HOW TO COMPLETE THIS TASK: This calls for a word-for-word copy of all the data, with each picture removed.
- - -
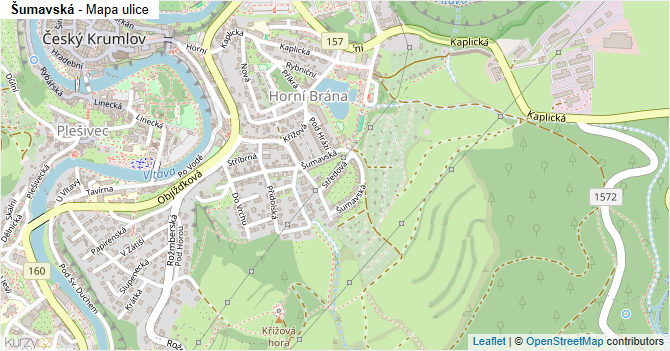 Šumavská - mapa ulice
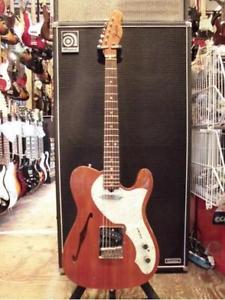 Exc Japan electric guitar Thinline Telecaster Type Natural Teisco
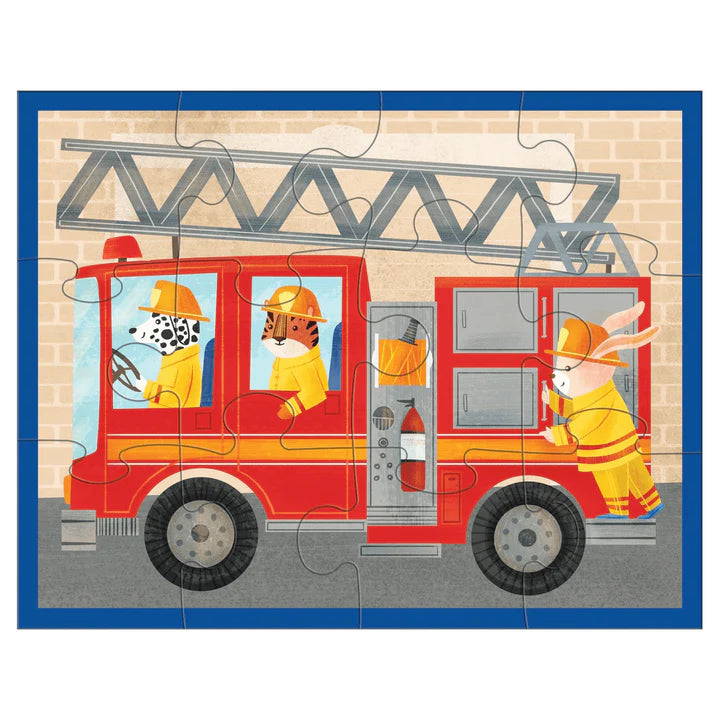 Mudpuppy Pouch Puzzle Fire Truck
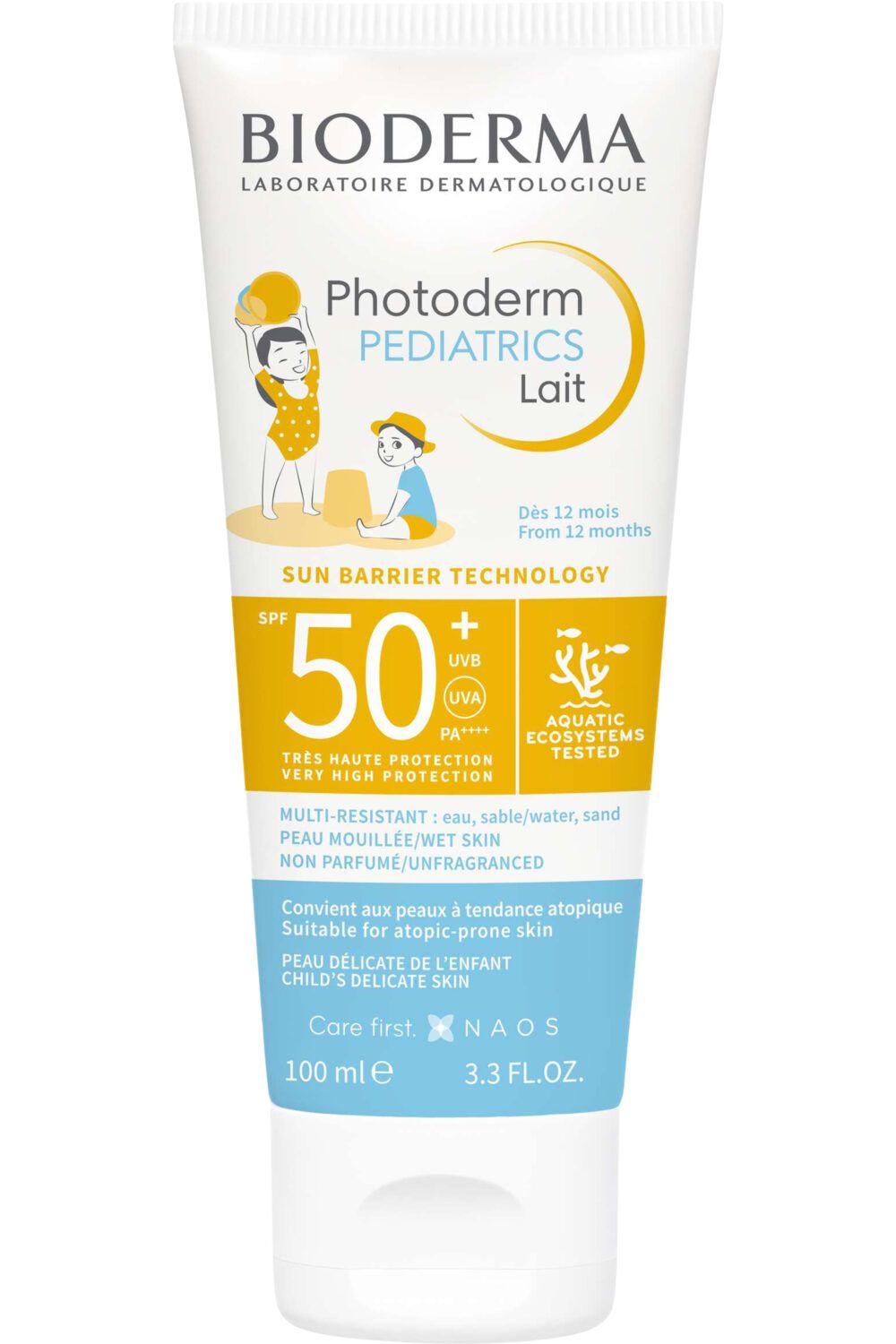 Bioderma - Crème solaire Photoderm Pediatrics Lait SPF 50+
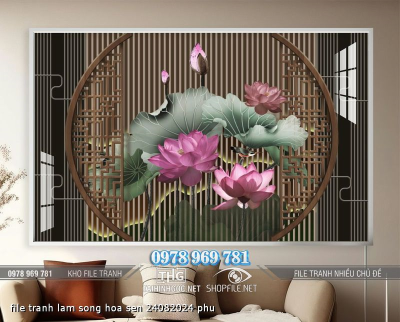 file tranh lam song hoa sen 24082024 phu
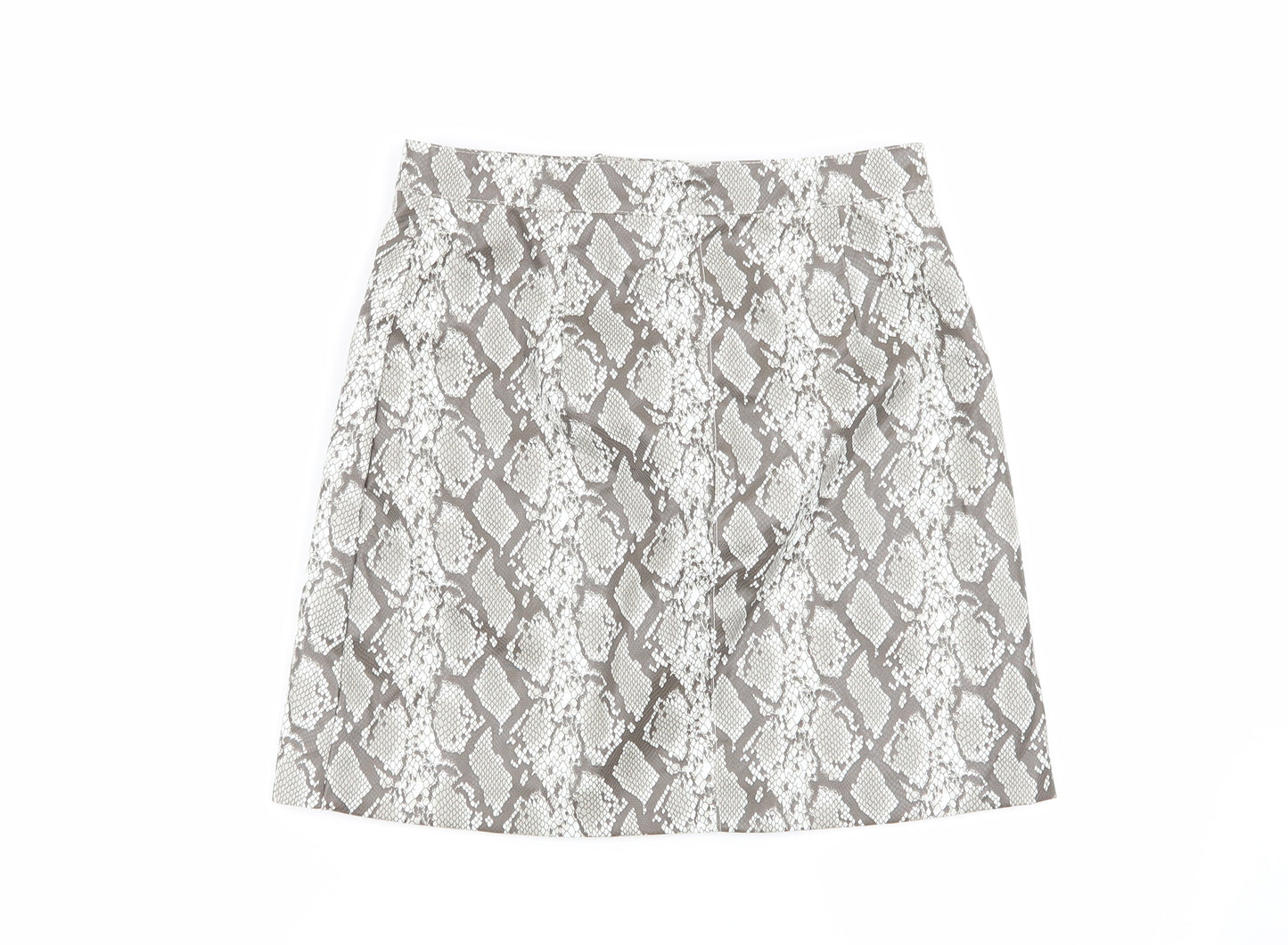 Divided by H&M Womens Multicoloured Geometric  Flare Skirt Size 8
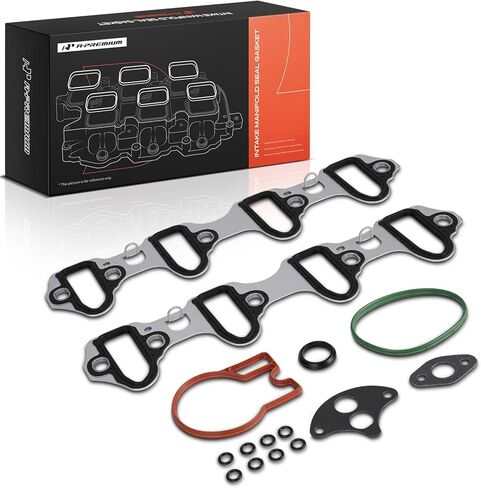 A-Premium Lower Engine Intake Manifold Gasket Set Compatible with Chevy, GMC, Hummer, Cadillac, Saab, Isuzu & GM Cars - 99-17 - Silverado, Express, Tahoe, Sierra, Yukon, H2, Savana & More, 8Cyl OHV in Saudi Arabia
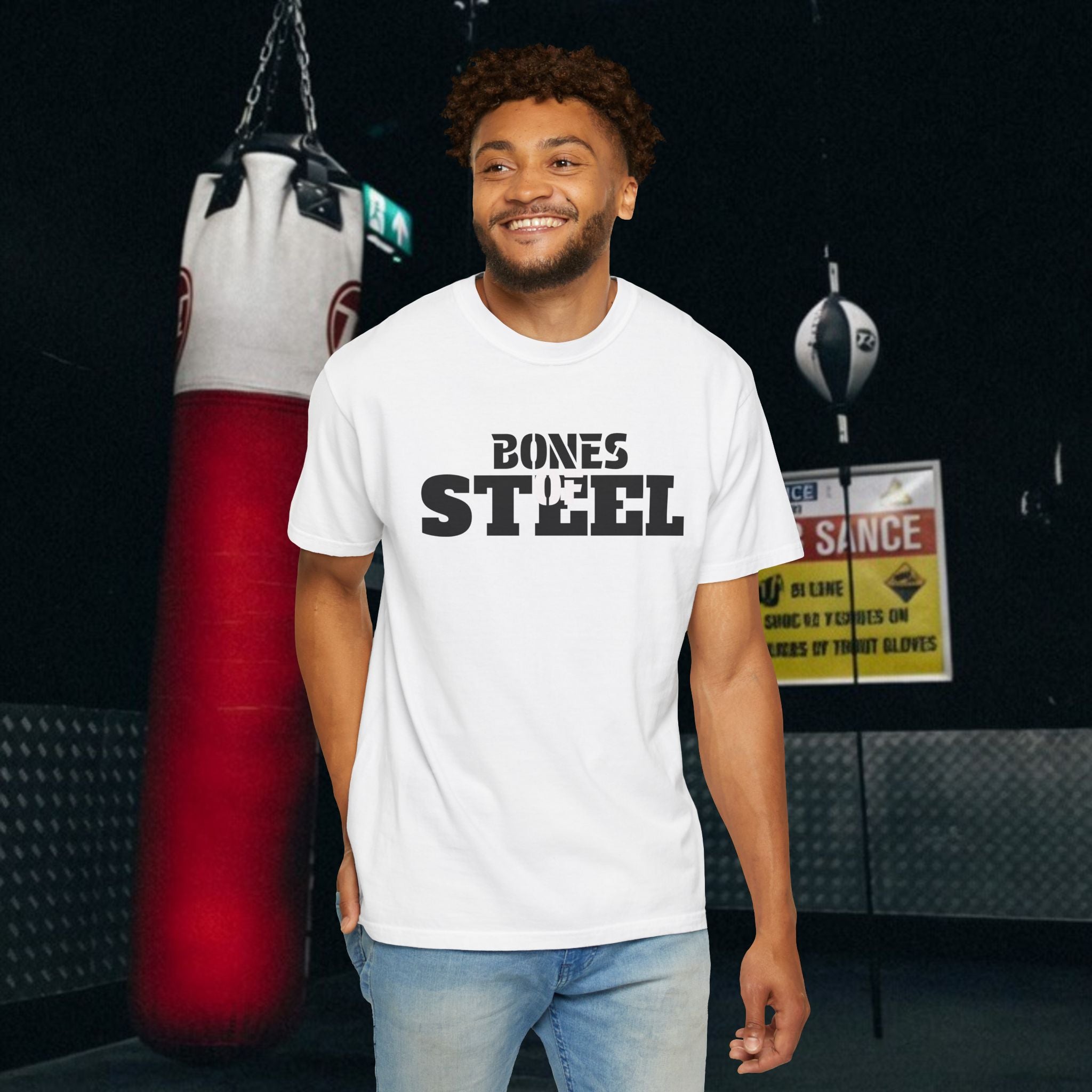 BONES OF STEEL - Gym, Motivation, Discipline Shirt
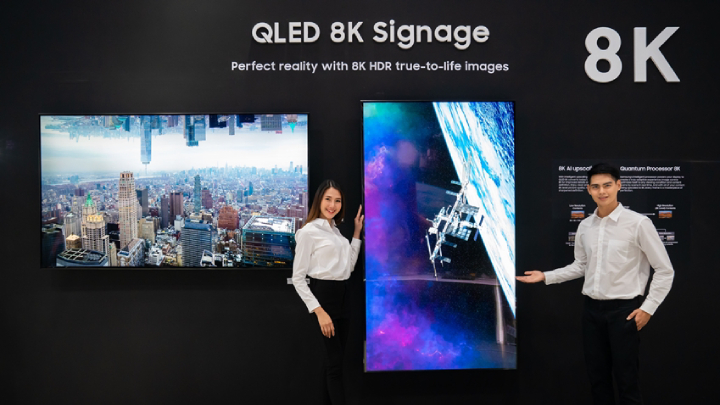 삼성전자가 15일부터 17일까지 태국 방콕에서 개최되는 디스플레이 전문 전시회 ‘동남아 인포콤 2019’에 참가해 퀀텀닷 소재 기술과 8K 고해상도를 접목해 최고의 화질을 구현한 상업용 ‘QLED 8K 사이니지’를 전시한다.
- - -
OUTPUT OF THE EXERCISE:
 Šumavská - mapa ulice
 Exc Japan electric guitar Thinline Telecaster Type Natural Teisco
 Mudpuppy Pouch Puzzle Fire Truck
 Bioderma - Crème solaire Photoderm Pediatrics Lait SPF 50+
 file tranh lam song hoa sen 24082024 phu
 Divided by H&M Womens Multicoloured Geometric  Flare Skirt Size 8
 A-Premium Lower Engine Intake Manifold Gasket Set Compatible with Chevy, GMC, Hummer, Cadillac, Saab, Isuzu & GM Cars - 99-17 - Silverado, Express, Tahoe, Sierra, Yukon, H2, Savana & More, 8Cyl OHV in Saudi Arabia
 BONES OF STEEL - Gym, Motivation, Discipline Shirt
 삼성전자가 15일부터 17일까지 태국 방콕에서 개최되는 디스플레이 전문 전시회 ‘동남아 인포콤 2019’에 참가해 퀀텀닷 소재 기술과 8K 고해상도를 접목해 최고의 화질을 구현한 상업용 ‘QLED 8K 사이니지’를 전시한다.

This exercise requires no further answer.